↓

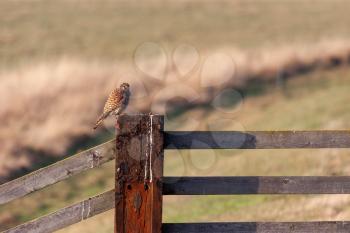 Kestrel sitting on a fence post enjoying the evening sunlight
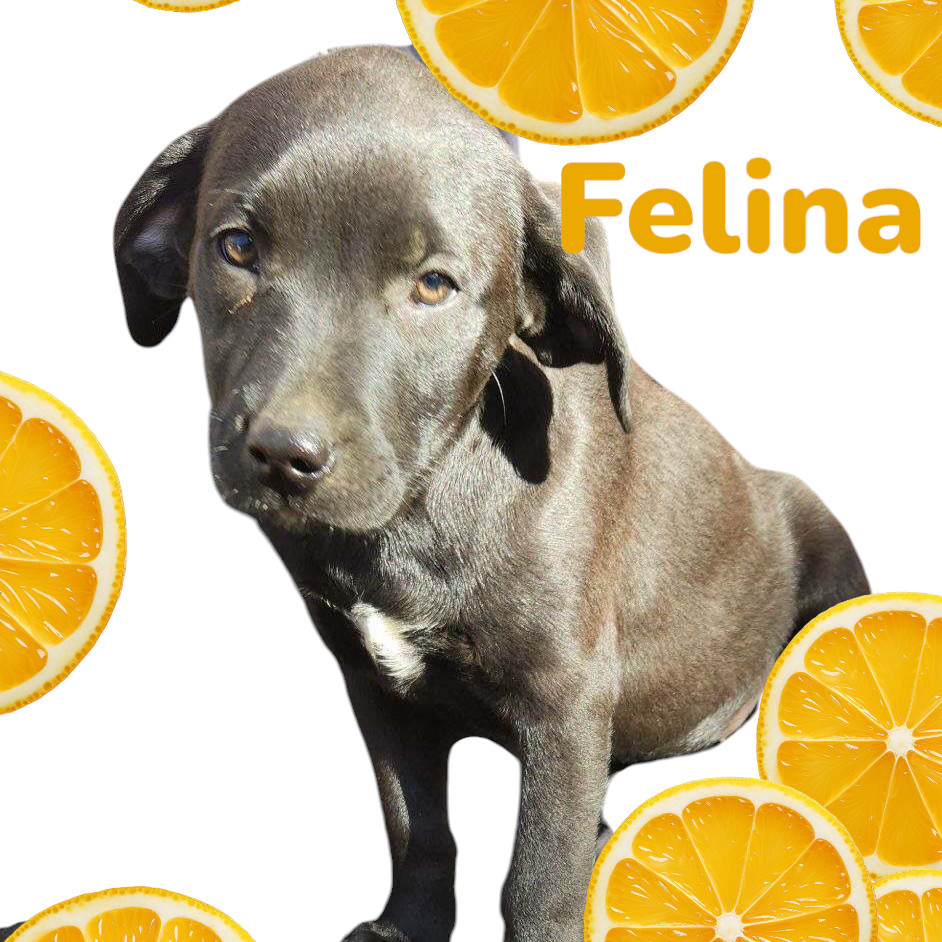 Felina, an adoptable Black Mouth Cur in Wadena, MN, 56482 | Photo Image 3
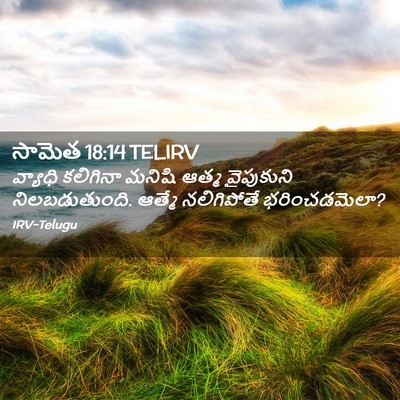 Picture 02 - సామెత 18:14 TELIRV - వ్యాధి కలిగినా - Bible Verse Picture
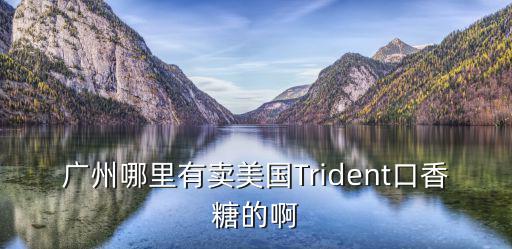 廣州哪里有賣美國Trident口香糖的啊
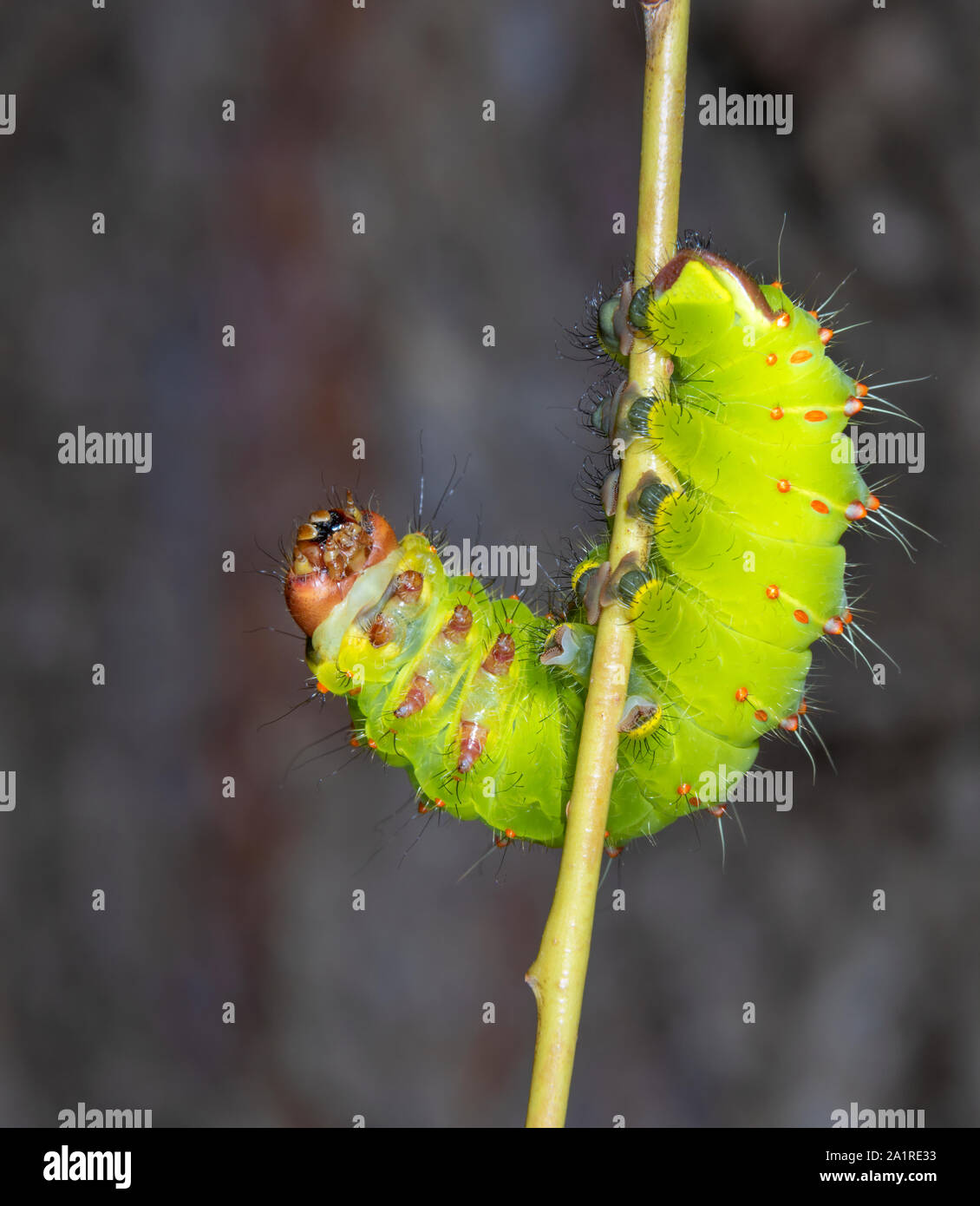 Luna moth (Actias luna) caterpillar turning around on a willow stick, Iowa, USA. Stock Photo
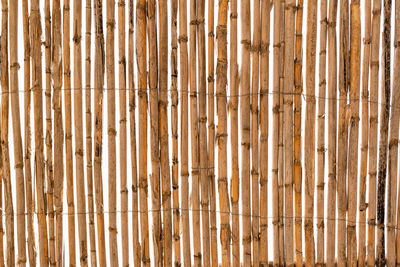 Full frame shot of bamboo wall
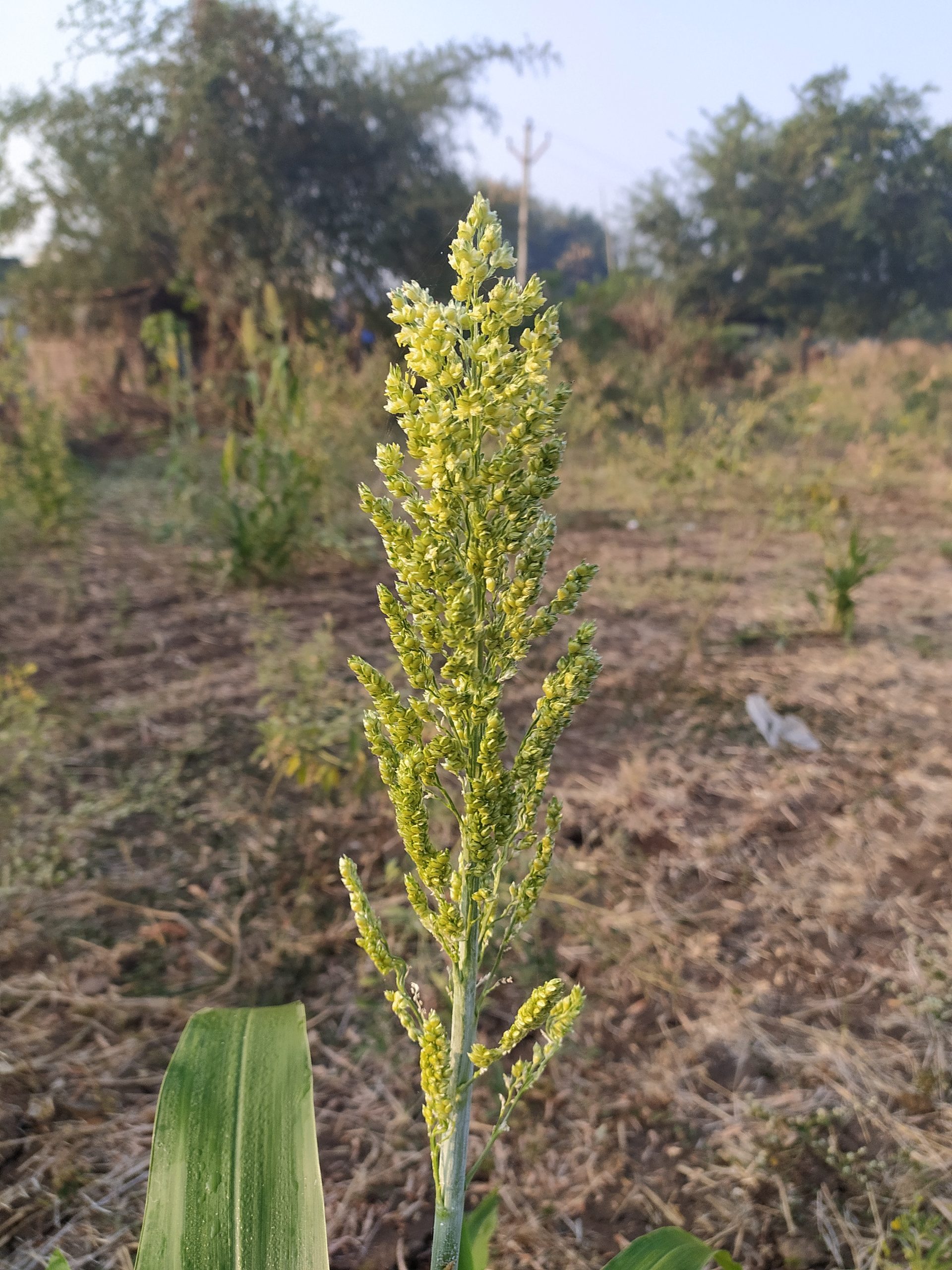 Javari Plant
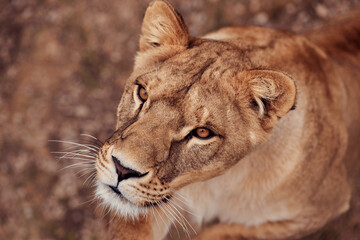Obraz na płótnie Canvas Beautiful lioness in the wild on a hunt in the Republic of South Africa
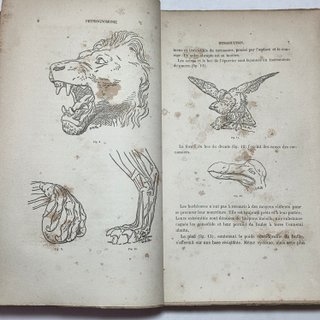 Libro Antico 1866 De La Physiognomonie Delestre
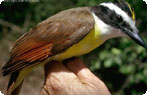 great kiskadee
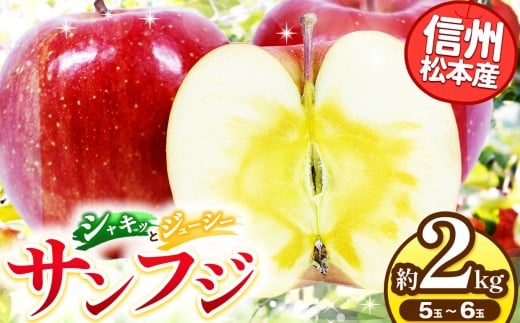 【先行受付：2026年発送】州松本産　サンふじ　5～６玉約2kg 通常品 │ 林檎 りんご リンゴ サンふじ 果汁 果物 貴重 くだもの フルーツ 自然 旬 ご褒美 長野県 信州 松本 ふるさと納税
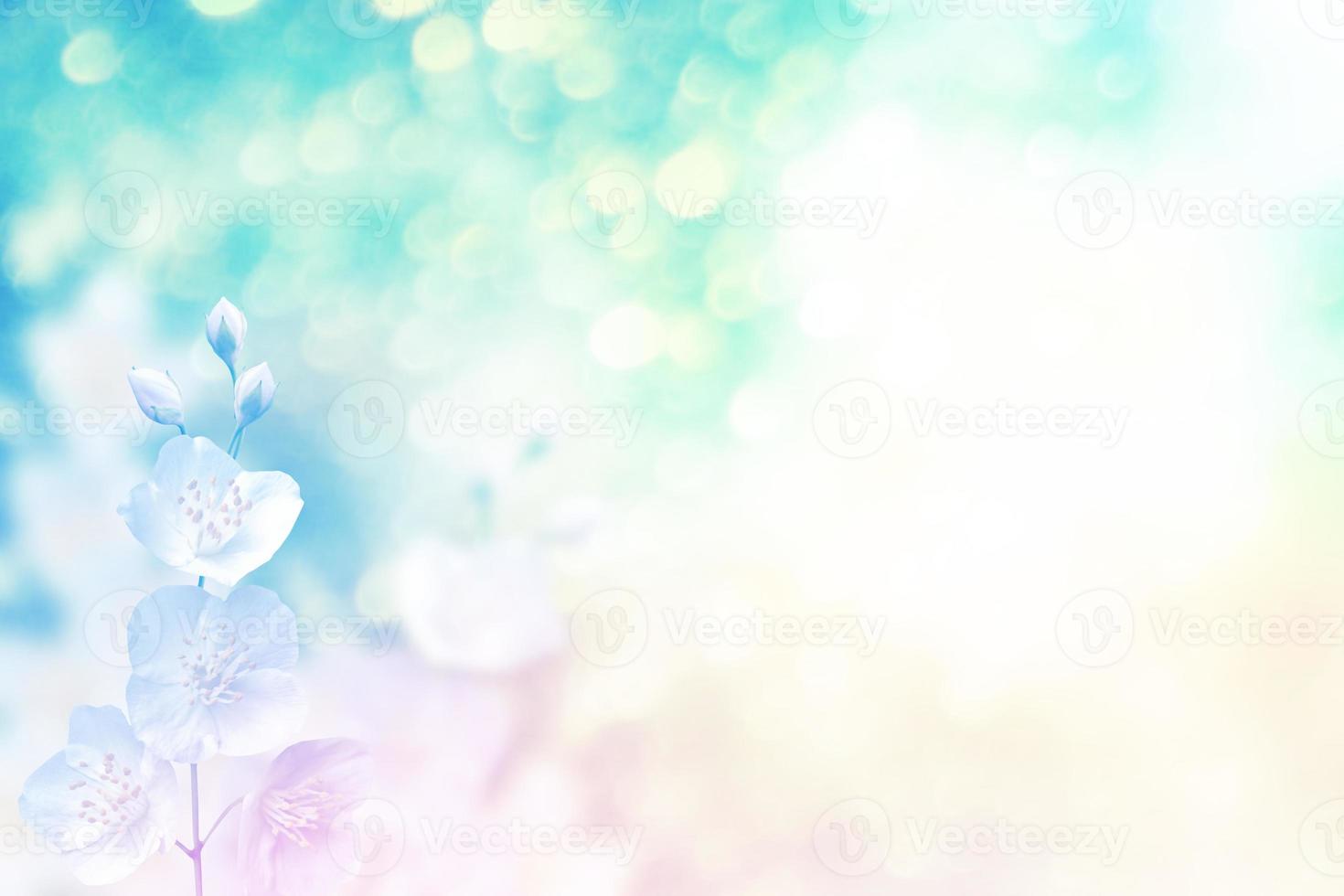 White jasmine The branch delicate spring flowers photo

↑

Apart from the pictures, repeat the data above exactly.

> **Answer to this task**:
 Kestrel sitting on a fence post enjoying the evening sunlight
 Felina, an adoptable Black Mouth Cur in Wadena, MN, 56482 | Photo Image 3
 Picture 02 - సామెత 18:14 TELIRV - వ్యాధి కలిగినా - Bible Verse Picture
 廣州哪里有賣美國Trident口香糖的啊
 Luna moth (Actias luna) caterpillar turning around on a willow stick, Iowa, USA. Stock Photo
 Full frame shot of bamboo wall
 Javari Plant
Obraz na płótnie Canvas Beautiful lioness in the wild on a hunt in the Republic of South Africa
 Libro Antico 1866 De La Physiognomonie Delestre
 great kiskadee
 【先行受付：2026年発送】州松本産　サンふじ　5～６玉約2kg 通常品 │ 林檎 りんご リンゴ サンふじ 果汁 果物 貴重 くだもの フルーツ 自然 旬 ご褒美 長野県 信州 松本 ふるさと納税
 White jasmine The branch delicate spring flowers photo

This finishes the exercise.